Why do some people seem to do things quickly and easily while others struggle or simply give up? How we do things, perform on the job for example, often depends on how we were trained. Now, most of us are trainers as well as trainees. You’re a trainer when you show someone how to run a piece of equipment, how to behave, or how to tie a bow.
But what makes training take? What’s to say that the people we train will be able to do what we teach them? Well, many studies have shown that four things are needed for effective training: First, the skill needs to be taught. Then, there must be an opportunity to practice, a supportive environment that rewards performance, and finally, self-efficacy.
Now, self-efficacy is a concept that The Pacific Institute has included in its programs for a very long time. It simply means our own judgment about whether we can do specific things, as well as our belief about whether we can influence our environment. While our level of self-efficacy can be general, most often it is task specific. For example, we can be efficacious in math, but not so much in cooking or decorating. And it is different with every individual.
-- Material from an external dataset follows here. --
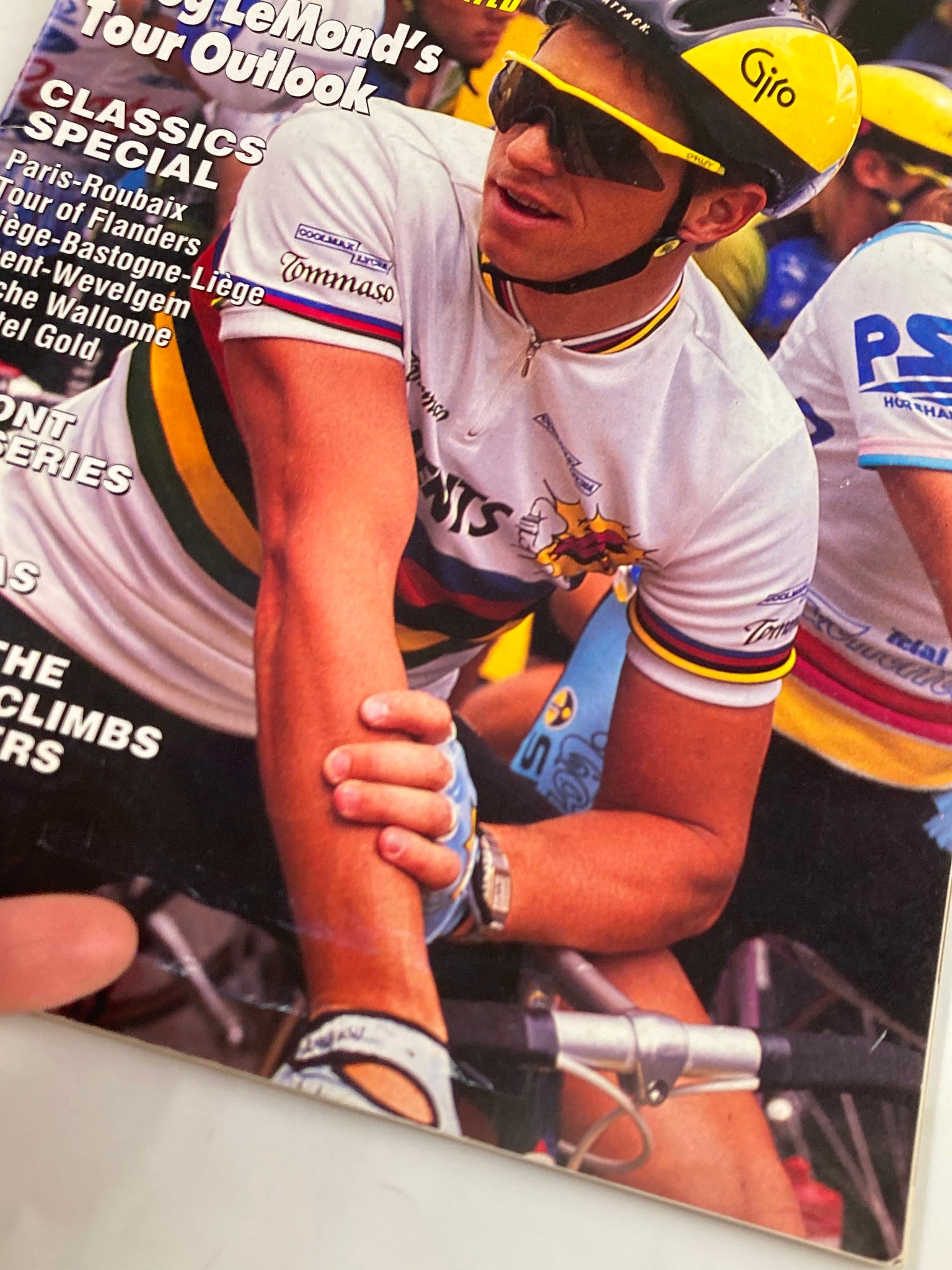Close-up image of the cover of Winning Bicycle Racing Illustrated July 1990 No. 82, highlighting Greg LeMond's Tour Outlook with focus on the detailed cycling attire and competitive atmosphere.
Dr. Albert Bandura, National Medal of Science award winner, out of Stanford University, is an internationally recognized expert on self-efficacy and has been a tremendous resource for the Institute. Dr. Bandura tells us that when our self-efficacy is low, we avoid difficult tasks, give up quickly, and are slow to recover confidence after failure or setbacks. Self-efficacy is built when we practice enough to develop competence or mastery and when we interpret that success as due to our own efforts rather than luck or circumstances. A secondary benefit is increased self-confidence.
So when you train others – your children, for example – it will be helpful to break tasks down into manageable chunks, arrange for practice that leads to success, and give feedback that emphasizes progress rather than shortfall. You and your children – or you and your employees and team members – will be building self-efficacy.